After months of reading through more than 4,000 of your short stories, we have a winner in Round 6 of our Three-Minute Fiction contest.
That's our regular contest where we ask you to submit an original short story that can be read in less than three minutes.
For Round 6, we asked you to send us original works of fiction with two requirements: At some point in your story, one character had to tell a joke and one character had to cry.
Courtesy Lauri Anderson
Lauri Anderson of Lubbock, Texas, wrote our Round 6 winning story, A Saint And A Criminal.

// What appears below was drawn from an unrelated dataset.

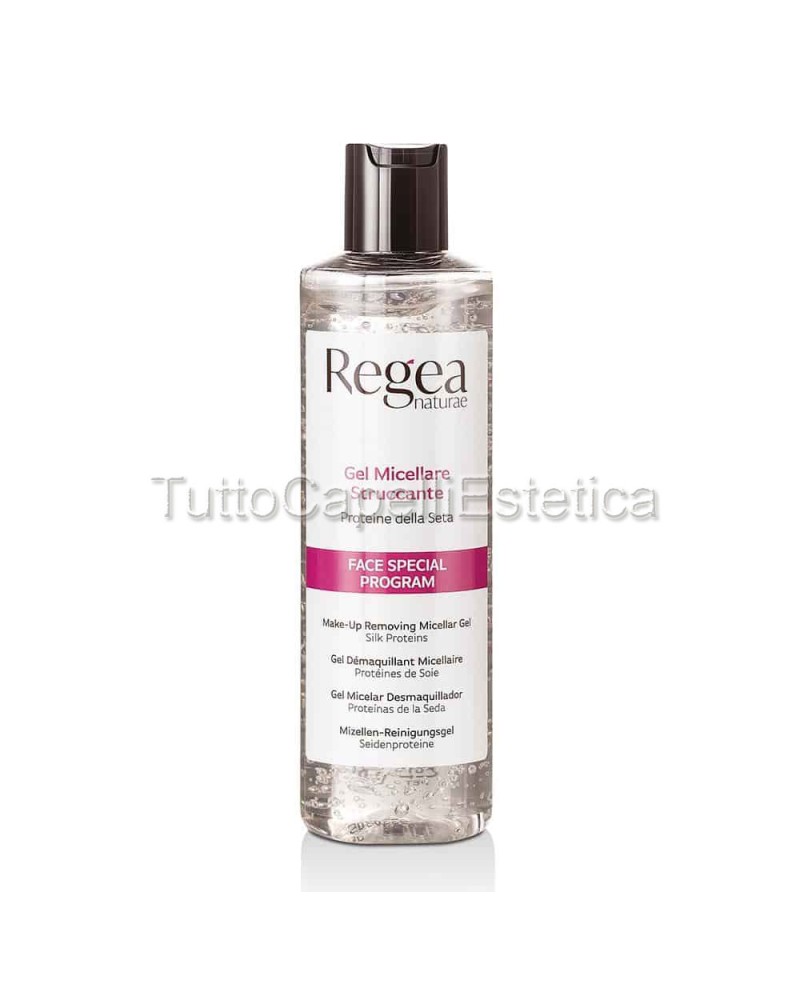 Gel Viso Micellare Struccante con Proteine della Seta Regea Naturae 250ml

Lauri Anderson of Lubbock, Texas, wrote our Round 6 winning story, A Saint And A Criminal. Courtesy Lauri Anderson
Those rules came from our judge for this round, novelist and short-story writer Chimamanda Ngozi Adichie. She's the author of the critically acclaimed books Purple Hibiscus and Half of a Yellow Sun. Students at the Iowa Writers' Workshop and the faculty and students from NYU's creative writing graduate program helped us read every one of the entries we received.
And the story that topped them all? It's "A Saint And A Criminal," by Lauri Anderson of Lubbock, Texas.
"When I started to read this, there was sort of an immediate sense of a writer who was sure," Chimamanda tells All Things Considered weekend host Guy Raz.
"I thought that it was well done in the way that things were left unsaid, but that the unsaidness of these things propelled the story and kept the interest of the reader," she says. "Also I thought the characters were very richly drawn."
Anderson, a graduate student in creative writing at Texas Tech University, says she had the ideas for the story tumbling around in her head, but wasn't sure what form they would take.
"Really, all I had was a handful of scenes, and I guess it worked out," Anderson says with a laugh.
Anderson says her story is about "two people who are in these prescribed roles, and they don't really know how to get out of them."
She leaves the reader guessing at the end of the story. "I ended that way, sort of on the verge of something, because that's a little bit more interesting to me," she says. "I guess the moment before the decision is made seems sort of rife with complication and emotion that maybe the climactic moment isn't."